According to the legend, “sometime in the early 1970s” a young couple on their way to Hisayama by car went into the forest seeking help when their car’s engine broke down. They entered the seemingly-abandoned Inunaki Village, where a “crazy old man” greeted them and then murdered them with a sickle. In another story, a telephone booth near the Inunaki bridge receives a call from Inunaki Village every night. People answering the call are transported to the village, and die from a curse that causes them to first lose control of their body and mind.

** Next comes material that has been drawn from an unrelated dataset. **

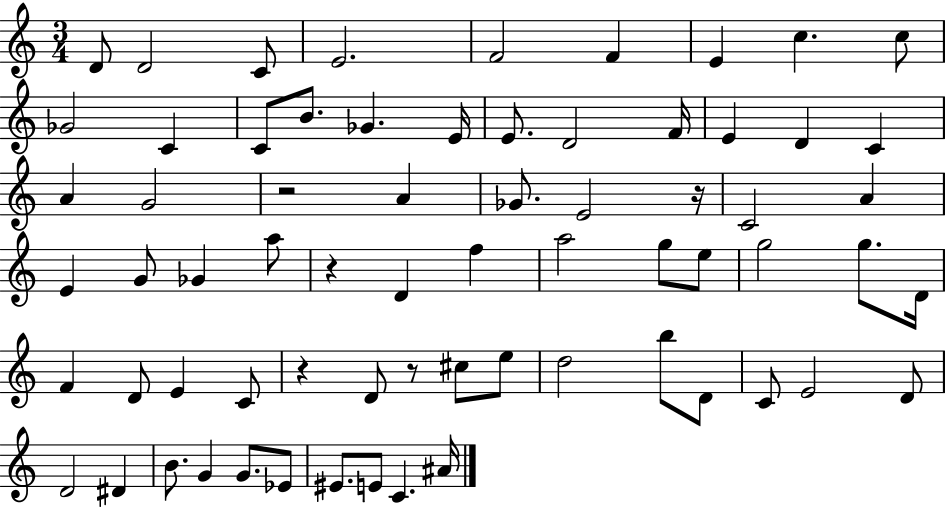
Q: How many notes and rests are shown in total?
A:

In reality, the area of the Old Inunaki Tunnel has been considered to be haunted due to nearby murders. On 6 December 1988, five young men abducted and tortured a factory worker whose car they wanted to steal, burning him to death with gasoline inside the old tunnel. The perpetrators were arrested and sentenced to life imprisonment. The entrances to the old tunnel were sealed. However in2000, a dead body was found in a nearby dam. Nippon TV received a letter from an anonymous person, which described the legend of the couple murdered in the village and urged the Nippon TV crew to visit the place.